> Excerpts from a dataset

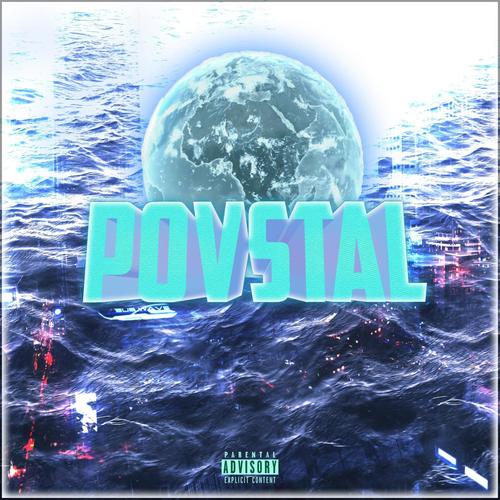 Povstal
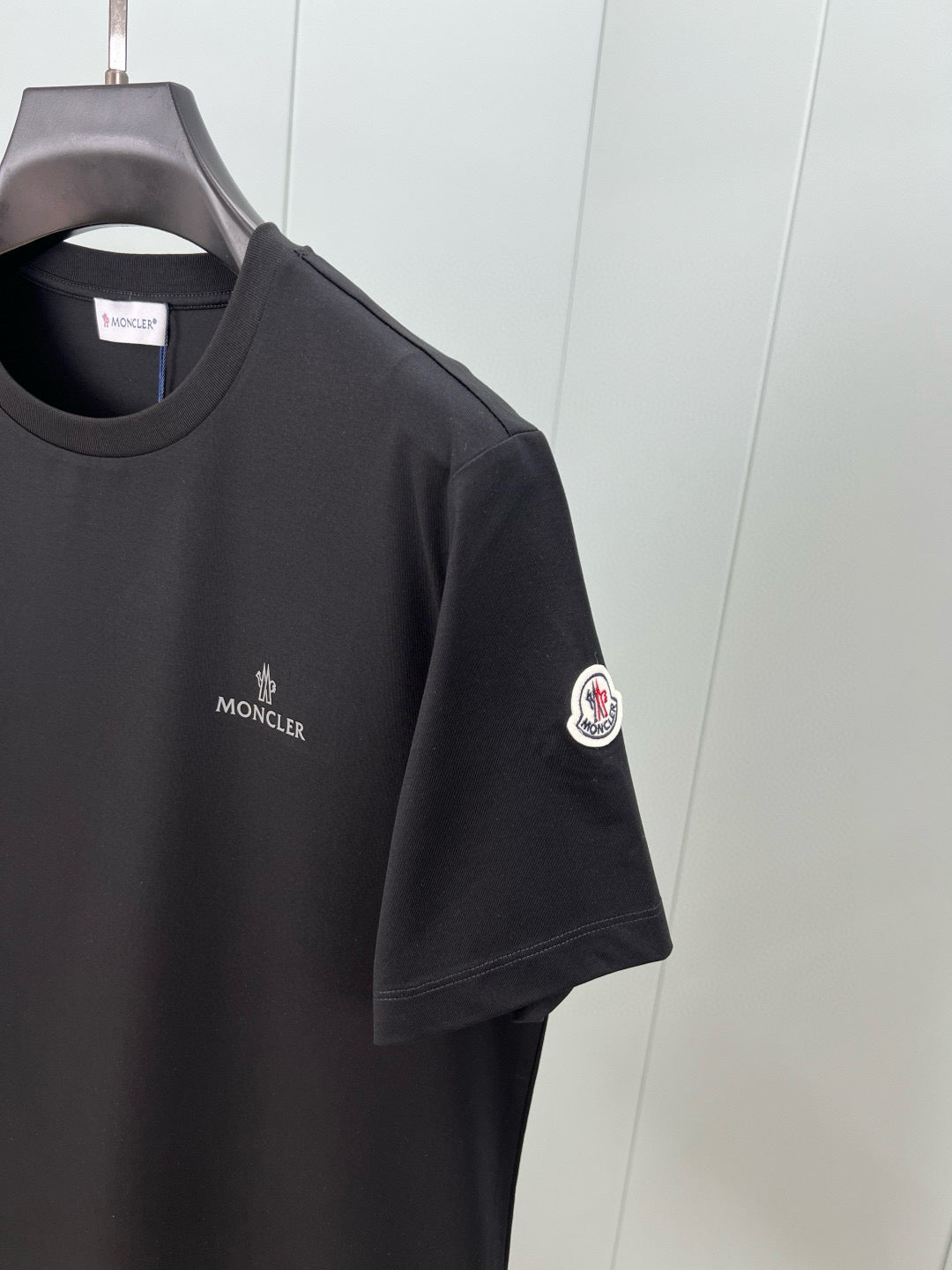 Moncler T-Shirt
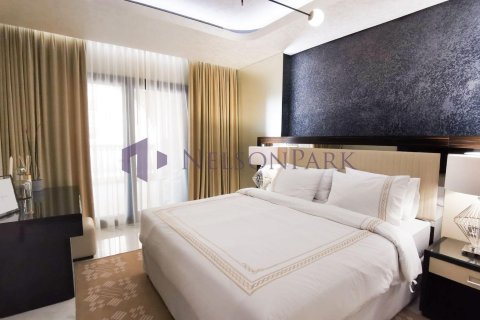 Appartement de 1 chambre à Doha, Qatar No. 57674 9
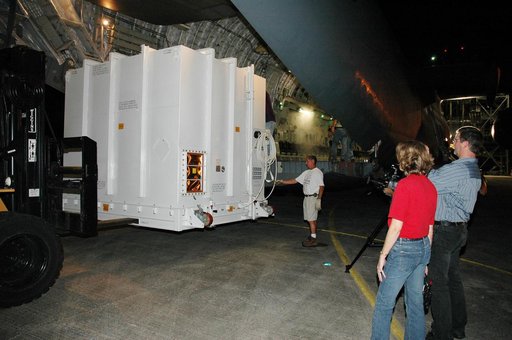 KSC-05PD-2231
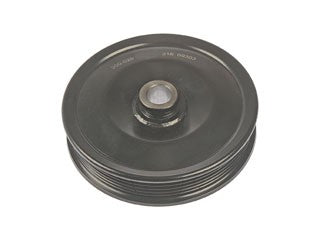 Dorman - OE Solutions Power Steering Pump Pulley  300-029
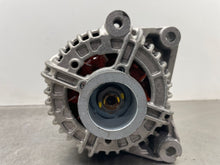 Load image into Gallery viewer, ALTERNATOR BMW Z4 325i 330i 2001 01 02 03 04 05 06 - NW363902

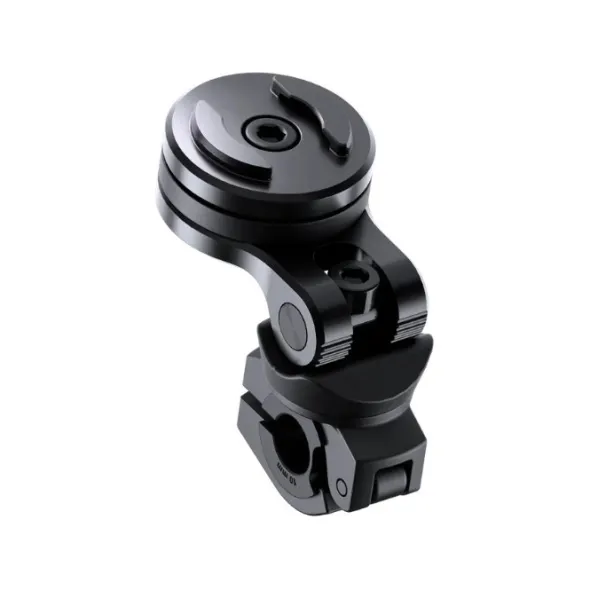 SP Connect – Mirror Moto Mount Pro SPC+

> Problem to solve
I need the lines from the one containing "KSC-05PD-2231" through the end of the records retyped exactly, with the pictures left out.

> Result
 KSC-05PD-2231
 Dorman - OE Solutions Power Steering Pump Pulley  300-029
 Load image into Gallery viewer, ALTERNATOR BMW Z4 325i 330i 2001 01 02 03 04 05 06 - NW363902

 SP Connect – Mirror Moto Mount Pro SPC+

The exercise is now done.